Top of Data excerpts
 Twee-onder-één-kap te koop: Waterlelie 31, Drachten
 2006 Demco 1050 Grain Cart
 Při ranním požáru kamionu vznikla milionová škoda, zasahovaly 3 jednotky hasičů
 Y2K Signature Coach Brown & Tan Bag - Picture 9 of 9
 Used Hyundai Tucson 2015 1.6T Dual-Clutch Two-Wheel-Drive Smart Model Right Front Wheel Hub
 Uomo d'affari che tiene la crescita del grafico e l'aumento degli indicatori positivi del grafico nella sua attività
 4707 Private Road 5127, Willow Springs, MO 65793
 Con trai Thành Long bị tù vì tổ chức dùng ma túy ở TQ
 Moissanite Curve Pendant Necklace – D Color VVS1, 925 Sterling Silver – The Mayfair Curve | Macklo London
Bottom of Data excerpts
Top of Data excerpts
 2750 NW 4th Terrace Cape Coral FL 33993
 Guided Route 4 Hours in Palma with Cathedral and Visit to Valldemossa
Bottom of Data excerpts
● To do: In the records above, find the line with "2006 Demco 1050 Grain Cart"; write out exactly that line and each one after it, stopping after the line with "Uomo d'affari che".

● Task output:
 2006 Demco 1050 Grain Cart
 Při ranním požáru kamionu vznikla milionová škoda, zasahovaly 3 jednotky hasičů
 Y2K Signature Coach Brown & Tan Bag - Picture 9 of 9
 Used Hyundai Tucson 2015 1.6T Dual-Clutch Two-Wheel-Drive Smart Model Right Front Wheel Hub
 Uomo d'affari che tiene la crescita del grafico e l'aumento degli indicatori positivi del grafico nella sua attività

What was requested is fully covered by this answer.